Adding fuel to this rhetorical fire is the notion that Christians are under assault by gays who want to marry and women who want to use birth control or have abortions. From the perspective of this traditional religious ideology, secularism victimizes Christians for their beliefs. Of course, Christianity itself, like most other religions, is sometimes based on a victim identification, which is only heightened when religions have to counter other competing victim identities.
This combination of coded racism, defensive religion, and reversed rhetoric brings us to the psychology of victim identity. At first glance, it seems hard to explain why so many wealthy and powerful people would see themselves as victims, but victim identification provides many important social and psychological benefits. First of all, the victim is always right, and the victimizer is always wrong. Not only does this stabilize the identity of the victim, but it creates a clear ordering of the social world. Secondly, the victim is always justified in his or her reactions. This means that the victim feels justified in victimizing others, while still retaining a sense of self-righteous superiority.

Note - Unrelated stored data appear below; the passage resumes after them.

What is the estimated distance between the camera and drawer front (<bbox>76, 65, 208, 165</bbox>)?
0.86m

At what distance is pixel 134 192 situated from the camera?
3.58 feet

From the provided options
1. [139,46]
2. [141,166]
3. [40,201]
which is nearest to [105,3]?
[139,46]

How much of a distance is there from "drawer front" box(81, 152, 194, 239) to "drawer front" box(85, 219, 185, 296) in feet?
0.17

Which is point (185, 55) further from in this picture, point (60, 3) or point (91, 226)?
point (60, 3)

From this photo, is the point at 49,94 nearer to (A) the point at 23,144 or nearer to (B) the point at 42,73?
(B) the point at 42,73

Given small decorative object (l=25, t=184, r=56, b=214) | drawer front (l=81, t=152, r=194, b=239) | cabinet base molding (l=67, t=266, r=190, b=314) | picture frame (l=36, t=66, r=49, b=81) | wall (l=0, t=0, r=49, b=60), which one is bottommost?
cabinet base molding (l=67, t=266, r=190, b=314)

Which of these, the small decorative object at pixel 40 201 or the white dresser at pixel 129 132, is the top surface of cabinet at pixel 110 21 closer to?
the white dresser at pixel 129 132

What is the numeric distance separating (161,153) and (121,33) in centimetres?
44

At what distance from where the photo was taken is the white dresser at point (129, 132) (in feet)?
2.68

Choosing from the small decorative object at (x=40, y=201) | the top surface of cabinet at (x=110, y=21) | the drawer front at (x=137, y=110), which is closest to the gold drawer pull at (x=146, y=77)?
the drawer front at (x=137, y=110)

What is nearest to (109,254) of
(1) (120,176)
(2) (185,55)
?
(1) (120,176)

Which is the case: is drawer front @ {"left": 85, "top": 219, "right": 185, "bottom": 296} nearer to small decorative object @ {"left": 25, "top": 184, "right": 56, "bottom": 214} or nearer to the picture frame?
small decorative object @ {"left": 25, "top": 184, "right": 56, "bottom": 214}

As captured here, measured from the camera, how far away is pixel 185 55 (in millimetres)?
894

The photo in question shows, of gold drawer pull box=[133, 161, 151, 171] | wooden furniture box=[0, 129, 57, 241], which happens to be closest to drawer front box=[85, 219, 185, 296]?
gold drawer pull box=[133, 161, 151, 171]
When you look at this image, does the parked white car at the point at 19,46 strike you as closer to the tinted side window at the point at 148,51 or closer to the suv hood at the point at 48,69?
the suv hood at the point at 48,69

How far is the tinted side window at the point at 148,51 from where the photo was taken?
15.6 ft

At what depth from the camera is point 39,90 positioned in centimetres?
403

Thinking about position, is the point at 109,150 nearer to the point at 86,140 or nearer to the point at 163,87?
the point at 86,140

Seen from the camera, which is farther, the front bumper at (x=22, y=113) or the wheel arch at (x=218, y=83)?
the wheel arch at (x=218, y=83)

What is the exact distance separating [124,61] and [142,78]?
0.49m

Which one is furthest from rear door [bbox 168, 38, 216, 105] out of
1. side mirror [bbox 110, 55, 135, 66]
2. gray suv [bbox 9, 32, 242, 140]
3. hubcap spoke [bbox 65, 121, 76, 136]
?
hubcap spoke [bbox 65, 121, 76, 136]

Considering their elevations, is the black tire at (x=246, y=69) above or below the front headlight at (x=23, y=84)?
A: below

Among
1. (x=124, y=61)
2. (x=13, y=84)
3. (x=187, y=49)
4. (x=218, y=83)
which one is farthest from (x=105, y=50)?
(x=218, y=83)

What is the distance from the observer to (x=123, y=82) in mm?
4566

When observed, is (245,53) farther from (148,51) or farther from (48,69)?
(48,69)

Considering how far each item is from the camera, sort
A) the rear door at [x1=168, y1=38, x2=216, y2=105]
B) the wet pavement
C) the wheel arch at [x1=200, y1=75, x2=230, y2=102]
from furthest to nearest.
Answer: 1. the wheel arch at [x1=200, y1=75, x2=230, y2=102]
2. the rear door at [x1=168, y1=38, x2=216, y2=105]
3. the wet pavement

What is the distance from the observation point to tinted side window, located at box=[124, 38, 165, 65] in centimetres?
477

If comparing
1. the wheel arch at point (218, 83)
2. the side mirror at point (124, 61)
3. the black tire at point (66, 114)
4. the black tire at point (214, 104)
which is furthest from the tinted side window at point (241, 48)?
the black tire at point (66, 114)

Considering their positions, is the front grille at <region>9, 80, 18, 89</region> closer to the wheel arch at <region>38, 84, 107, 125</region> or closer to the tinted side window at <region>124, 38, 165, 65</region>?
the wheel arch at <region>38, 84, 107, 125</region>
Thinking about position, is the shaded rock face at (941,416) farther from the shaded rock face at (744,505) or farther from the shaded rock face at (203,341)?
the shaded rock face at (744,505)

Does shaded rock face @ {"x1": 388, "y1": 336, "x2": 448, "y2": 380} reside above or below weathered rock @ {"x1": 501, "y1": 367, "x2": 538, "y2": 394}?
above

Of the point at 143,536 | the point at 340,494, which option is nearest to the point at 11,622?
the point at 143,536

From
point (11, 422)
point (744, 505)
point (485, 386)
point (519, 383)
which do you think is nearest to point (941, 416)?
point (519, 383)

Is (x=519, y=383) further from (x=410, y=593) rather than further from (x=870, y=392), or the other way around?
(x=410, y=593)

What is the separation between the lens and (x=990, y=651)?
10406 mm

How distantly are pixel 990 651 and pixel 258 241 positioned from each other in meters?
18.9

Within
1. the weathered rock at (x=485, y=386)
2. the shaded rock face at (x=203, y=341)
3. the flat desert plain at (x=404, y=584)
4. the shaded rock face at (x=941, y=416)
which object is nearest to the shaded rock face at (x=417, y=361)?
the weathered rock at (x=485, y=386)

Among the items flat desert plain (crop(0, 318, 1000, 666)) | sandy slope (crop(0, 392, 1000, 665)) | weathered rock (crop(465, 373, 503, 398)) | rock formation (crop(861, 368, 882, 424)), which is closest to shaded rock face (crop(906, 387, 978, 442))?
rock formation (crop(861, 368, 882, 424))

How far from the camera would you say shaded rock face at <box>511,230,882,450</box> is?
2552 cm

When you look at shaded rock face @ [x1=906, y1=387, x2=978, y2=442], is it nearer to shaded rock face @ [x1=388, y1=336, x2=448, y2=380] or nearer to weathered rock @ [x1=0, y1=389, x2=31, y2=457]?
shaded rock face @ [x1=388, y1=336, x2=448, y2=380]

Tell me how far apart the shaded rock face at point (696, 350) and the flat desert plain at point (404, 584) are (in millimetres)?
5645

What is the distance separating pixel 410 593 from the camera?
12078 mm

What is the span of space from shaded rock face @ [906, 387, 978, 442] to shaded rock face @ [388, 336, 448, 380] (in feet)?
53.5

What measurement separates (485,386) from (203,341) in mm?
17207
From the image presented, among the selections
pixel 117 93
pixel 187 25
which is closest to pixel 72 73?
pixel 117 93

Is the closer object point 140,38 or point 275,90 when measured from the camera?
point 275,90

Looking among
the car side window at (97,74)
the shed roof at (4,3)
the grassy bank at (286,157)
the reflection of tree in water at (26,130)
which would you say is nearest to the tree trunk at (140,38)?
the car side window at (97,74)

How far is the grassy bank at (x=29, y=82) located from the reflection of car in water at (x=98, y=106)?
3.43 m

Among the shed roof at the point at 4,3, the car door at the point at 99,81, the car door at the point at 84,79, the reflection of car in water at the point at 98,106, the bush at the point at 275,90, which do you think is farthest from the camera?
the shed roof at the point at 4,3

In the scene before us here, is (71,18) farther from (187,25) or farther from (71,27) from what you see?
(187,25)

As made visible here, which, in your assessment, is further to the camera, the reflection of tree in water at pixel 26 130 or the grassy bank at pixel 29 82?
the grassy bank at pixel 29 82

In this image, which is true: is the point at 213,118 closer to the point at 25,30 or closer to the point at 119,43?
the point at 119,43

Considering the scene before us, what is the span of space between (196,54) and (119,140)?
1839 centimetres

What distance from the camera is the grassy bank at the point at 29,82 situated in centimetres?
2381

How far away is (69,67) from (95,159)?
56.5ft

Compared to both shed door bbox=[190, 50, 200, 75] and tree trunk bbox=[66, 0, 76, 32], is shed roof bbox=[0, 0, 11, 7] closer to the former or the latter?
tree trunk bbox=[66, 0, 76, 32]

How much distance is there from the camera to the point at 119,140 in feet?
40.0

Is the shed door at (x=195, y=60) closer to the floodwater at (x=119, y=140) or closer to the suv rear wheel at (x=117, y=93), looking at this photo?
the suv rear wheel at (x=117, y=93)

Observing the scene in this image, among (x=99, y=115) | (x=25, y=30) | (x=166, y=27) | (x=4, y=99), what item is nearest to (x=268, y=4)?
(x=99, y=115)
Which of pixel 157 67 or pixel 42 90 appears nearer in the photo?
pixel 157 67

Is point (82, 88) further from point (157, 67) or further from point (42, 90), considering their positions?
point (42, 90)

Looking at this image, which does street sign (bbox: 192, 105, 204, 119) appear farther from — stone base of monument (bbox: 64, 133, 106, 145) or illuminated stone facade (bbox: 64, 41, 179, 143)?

It is also hard to criticize a victim or even correct one since any criticism will be interpreted as another victimization. For example, when Sarah Palin was running for Vice President, she interpreted any criticism of her lack of knowledge as a sexist attack by the liberal media. In turn, many conservatives rallied around her because she helped to both solidify the victim status of the Republicans as she presented the liberal press as the true victimizers.
As many psychologists know, one of the core fantasies of patients is their sense of being a victim, and while we should be careful never to deny the real pain and suffering of people, we need to distinguish between victim identification and traumatic oppression. In the case of contemporary conservative politics, we have witnessed a series of rhetorical reversals that have been employed to turn victimizers into victims and victims into victimizers.
Mitt Romney's foray into victim politics can be explained through the psychological process of projection. Instead of admitting that he sees himself as a victim who has relied on governmental programs and has avoided paying taxes, Romney sees his Other as embodying these attributes. After all, Romney has been criticized for paying very little income taxes, and his profits from private equity were in part generated by a huge governmental subsidy to wealthy investors through the carried interest tax break. Romney's own victim status blinds him from seeing how unequal and unfair our society has become, and therefore, Mitt can forget about half of the voters because he and his wealthy friends see themselves as the true victims of contemporary society.